Ravensburg (ots) - Das Benehmen der Angeklagten im Düsseldorfer Terrorprozess zeigt die Verachtung, die die islamistische Szene für den demokratischen Rechtsstaat empfindet. Demonstratives Sitzenbleiben, als der Richter den Saal betrat, aggressive Rhetorik der Anwälte - im Verfahren um das Attentat am Bonner Hauptbahnhof muss der Staat die Gesetze konsequent anwenden, um sich auch in solchen Kreisen wenigstens wieder eine gewisse Autorität zu verschaffen.

Ähnliches gilt im Übrigen auch für die Versuche einer sogenannten Scharia-Polizei in Wuppertal, islamische Glaubensbrüder zu ihrer fundamentalistischen Sichtweise des Islam zu bekehren. Es mag ein PR-Gag der Salafisten gewesen sein, doch ihre Botschaft ist eindeutig: Das Gewaltmonopol des Rechtsstaates interessiert uns nicht, und wir mischen uns in die Lebensführung anderer Menschen ein, wie wir es für richtig halten.

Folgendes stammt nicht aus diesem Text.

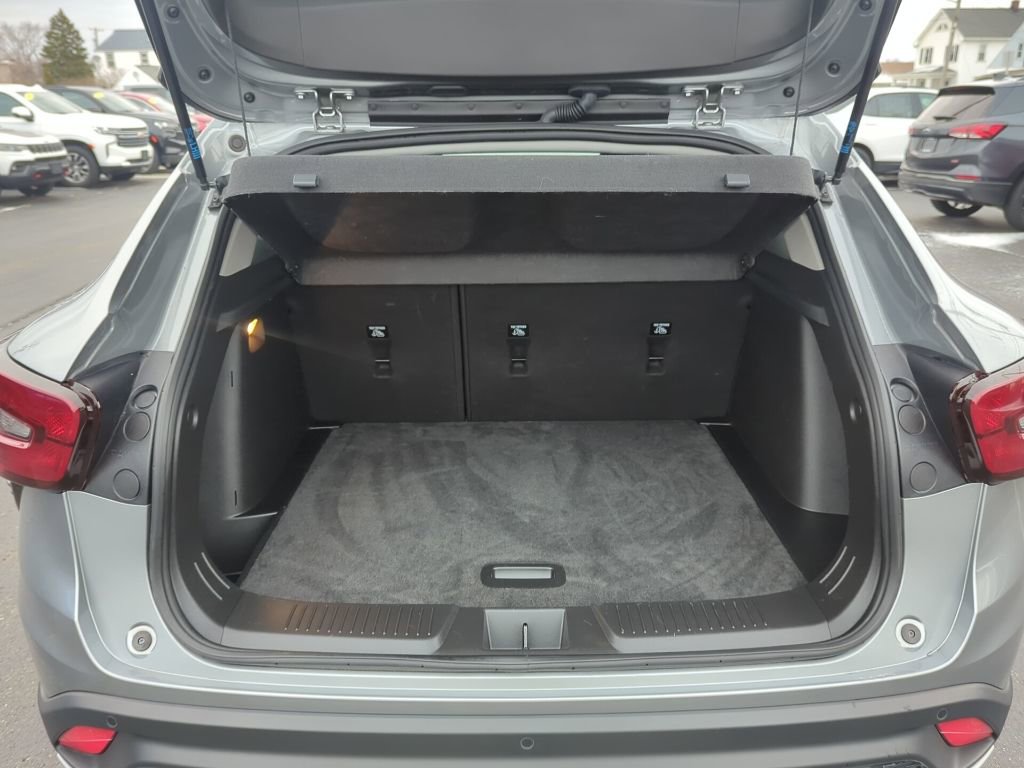 Certified 2024 Chevrolet Trax LT w/ Driver Confidence Package image 13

Natürlich muss man gerade nach derart öffentlichkeitswirksamen Aktionen auch Ruhe bewahren. Deutschland ist nicht auf dem Weg in Richtung einer Scharia-Gesetzgebung. Doch gleichzeitig gilt es auch, wachsam zu sein. Nicht nur Geheimdienste und Sicherheitsbehörden, sondern auch die Gesellschaft darf nicht wegsehen, wenn sich extremistische Tendenzen breitmachen.